**Prompt**
Of the entries below, return only those lines from the line with "cutie pie mary エロティックなポルノスター 画像" to the line with "Hội Chữ thập", exactly, both included.

**Extracted data**
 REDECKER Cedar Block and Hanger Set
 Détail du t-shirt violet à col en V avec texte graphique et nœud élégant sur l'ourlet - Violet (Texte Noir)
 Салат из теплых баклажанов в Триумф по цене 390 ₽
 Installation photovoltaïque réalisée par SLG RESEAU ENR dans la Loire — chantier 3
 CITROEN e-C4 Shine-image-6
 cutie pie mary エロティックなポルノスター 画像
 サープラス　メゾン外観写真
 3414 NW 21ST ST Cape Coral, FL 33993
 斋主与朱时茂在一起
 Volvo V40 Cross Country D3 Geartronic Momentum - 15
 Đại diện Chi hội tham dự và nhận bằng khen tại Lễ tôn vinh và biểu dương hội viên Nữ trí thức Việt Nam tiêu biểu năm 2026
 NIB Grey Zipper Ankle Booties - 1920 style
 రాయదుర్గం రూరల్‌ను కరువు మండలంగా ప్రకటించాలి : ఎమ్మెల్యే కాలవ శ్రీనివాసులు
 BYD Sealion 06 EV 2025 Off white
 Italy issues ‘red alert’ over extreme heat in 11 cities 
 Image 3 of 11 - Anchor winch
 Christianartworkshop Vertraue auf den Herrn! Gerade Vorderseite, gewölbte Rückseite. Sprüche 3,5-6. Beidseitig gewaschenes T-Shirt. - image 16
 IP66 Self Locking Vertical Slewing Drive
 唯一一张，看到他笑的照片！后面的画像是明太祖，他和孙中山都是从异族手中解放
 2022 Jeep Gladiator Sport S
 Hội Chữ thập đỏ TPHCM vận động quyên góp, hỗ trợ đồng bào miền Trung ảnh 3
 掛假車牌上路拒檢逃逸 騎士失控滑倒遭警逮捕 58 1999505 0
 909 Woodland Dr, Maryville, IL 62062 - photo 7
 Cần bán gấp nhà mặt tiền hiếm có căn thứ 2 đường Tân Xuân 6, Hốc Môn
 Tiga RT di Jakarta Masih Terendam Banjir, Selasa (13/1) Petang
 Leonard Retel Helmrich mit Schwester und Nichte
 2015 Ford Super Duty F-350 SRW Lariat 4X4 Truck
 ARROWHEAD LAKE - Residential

**Response to this task**
 cutie pie mary エロティックなポルノスター 画像
 サープラス　メゾン外観写真
 3414 NW 21ST ST Cape Coral, FL 33993
 斋主与朱时茂在一起
 Volvo V40 Cross Country D3 Geartronic Momentum - 15
 Đại diện Chi hội tham dự và nhận bằng khen tại Lễ tôn vinh và biểu dương hội viên Nữ trí thức Việt Nam tiêu biểu năm 2026
 NIB Grey Zipper Ankle Booties - 1920 style
 రాయదుర్గం రూరల్‌ను కరువు మండలంగా ప్రకటించాలి : ఎమ్మెల్యే కాలవ శ్రీనివాసులు
 BYD Sealion 06 EV 2025 Off white
 Italy issues ‘red alert’ over extreme heat in 11 cities 
 Image 3 of 11 - Anchor winch
 Christianartworkshop Vertraue auf den Herrn! Gerade Vorderseite, gewölbte Rückseite. Sprüche 3,5-6. Beidseitig gewaschenes T-Shirt. - image 16
 IP66 Self Locking Vertical Slewing Drive
 唯一一张，看到他笑的照片！后面的画像是明太祖，他和孙中山都是从异族手中解放
 2022 Jeep Gladiator Sport S
 Hội Chữ thập đỏ TPHCM vận động quyên góp, hỗ trợ đồng bào miền Trung ảnh 3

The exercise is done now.